JPH04177472A - Automatic wiring method - Google Patents

Abstract

PURPOSE:To efficiently perform peeling/rewiring processing, to speed up the processing, and to reduce memory capacity in use by connecting route retrieval algorithm to the wiring order of a pin pair organically. CONSTITUTION:In pre-processing, supplied pin pair groups 1, 2, 3, and 4 targeted to connect are rearranged in the order of the one near to the arbitrary direction of a wiring area 5. In first processing, a route is retrieved along the above direction as near as possible in the order rearranged by the pre-processing. In second processing, the retrieval of the route that fails the retrieval is executed again as peeling the pin pairs 1, 2, 3, and 4 connected until then when the route fails the retrieval in the first processing. In third processing, the retrieval of the route is repeated as increasing the quantity of the pin pairs 1, 2, 3, and 4 to be peeled when the another execution by the second processing fails.

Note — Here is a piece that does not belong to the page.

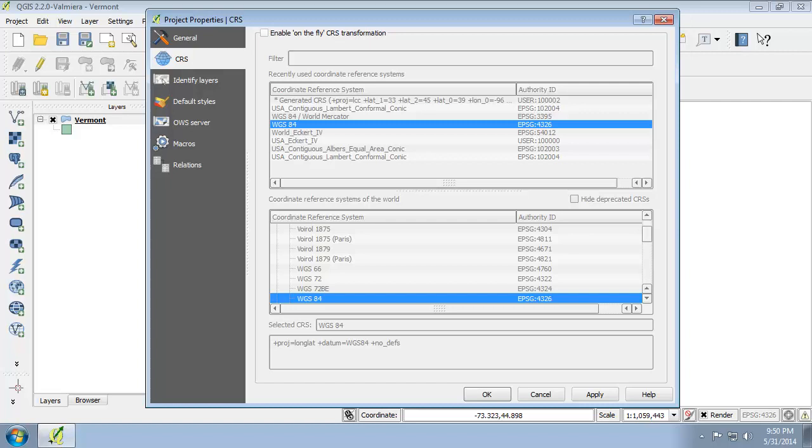So to make the map of Vermont show up in SPCS, we have two options. One, enable on-the-fly CRS transformation and select NAD27 Vermont coordinate system or project the Vermont shapefile into the NAD27 Vermont state plane coordinate system and then set the project's coordinate system to match.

In fouth processing, the order of wiring is changed locally according to the increment of the quantity of the pin pairs 1, 2, 3, and 4 to be peeled by the third processing.

Description

DETAILED DESCRIPTION OF THE INVENTION [Field of Industrial Application] The present invention relates to an automatic wiring method, particularly to an automatic wiring method for optimal wiring layout in CAD for printed circuit boards, hybrid ICs, LSIs, etc.

[Conventional technology]

Conventionally, in this type of automatic wiring method, for a group of pin pairs to be connected, the pin pairs are first arranged in order of shortest distance or longest distance, and a route search is performed in accordance with that order. If the route search fails for a certain pin pair, the connection of that pin pair is given up at that point, and processing proceeds to the connection of the next pin pair.

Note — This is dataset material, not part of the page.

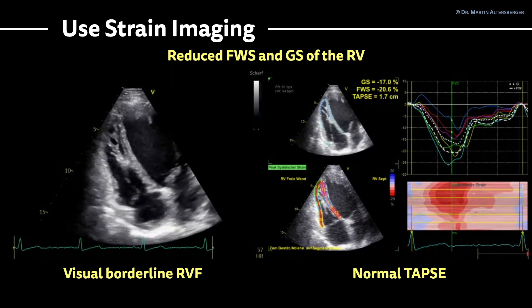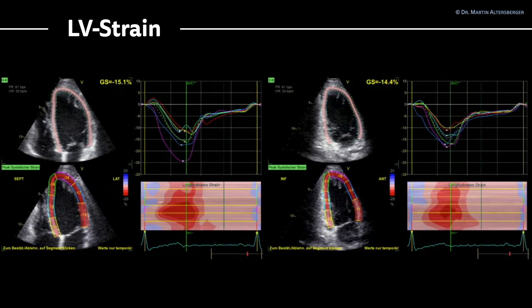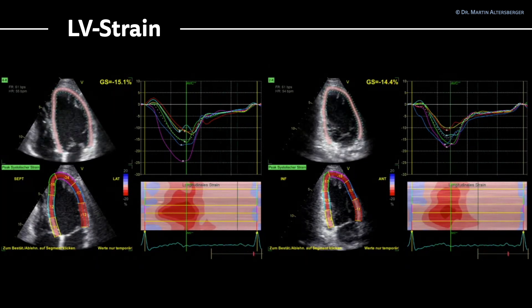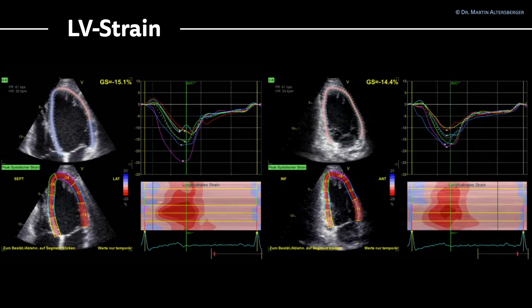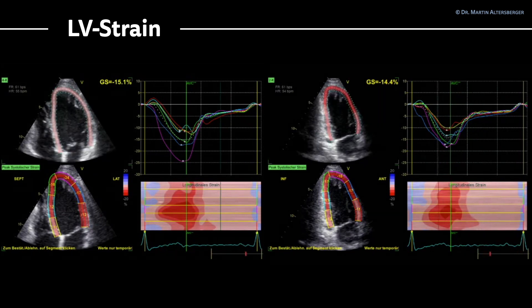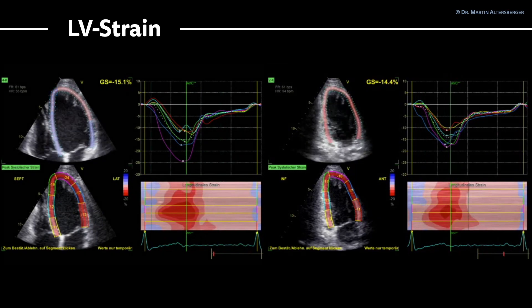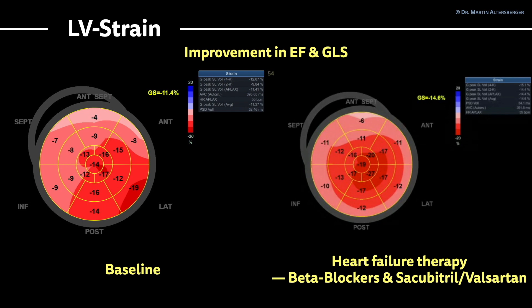For left ventricular strain, the follow-up exam shows the global strain in the four-chamber view is minus 15 and in the two-chamber view approximately minus 14. More areas in the strain M-mode imaging are toward dark red, implying that left ventricular longitudinal function definitely improved. This improvement was seen in both ejection fraction and global longitudinal strain.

On the other hand, there is also a method that does not immediately give up on failed pin pairs. When a route search for a certain pin pair fails, analyze the circumstances under which the failure occurred, and in order to connect the failed pin pair, which pin pair should be removed from the pin pairs that have already been wired to connect the failed pin pair. Determine whether there is a high possibility of wiring. This is a wiring method in which the pin pair with a high possibility of failure is removed, the pin pair for which the route search failed is rewired, and the pin pair that was removed earlier is rerouted. This type of automatic wiring method is called a rip-up router.

For example, as shown in FIG. 13, if six pin pairs 6, 7, 8, 9, 10, and 11 to be connected are already connected in the wiring area 5, the pin pair 12 cannot be connected. Therefore, it is calculated which pin pair among pin pairs 6 to 11 should be peeled off. The calculation method is to search for existing wiring so as to spread ripples from pins 13 and 14 of pin pair 12 that cannot be connected, and to make a determination based on the search results. FIG. 14 shows the case where ripples are spread from the pin 13, and the position where the ripples reach the existing wiring is marked with an X. Furthermore, area 15 represents a region of expanded ripples. On the other hand, FIG. 15 shows the case where ripples are spread from the pin 14, and the position where the ripples reach the existing wiring is marked with a circle. Furthermore, area 16 represents the area of expanded ripples.

Next, the following calculation formula is calculated for each existing wiring.

P(w)=min (A-a, B-b) where, mi
n () represents the smaller value in parentheses.

Further, W is a value for identifying each existing wiring.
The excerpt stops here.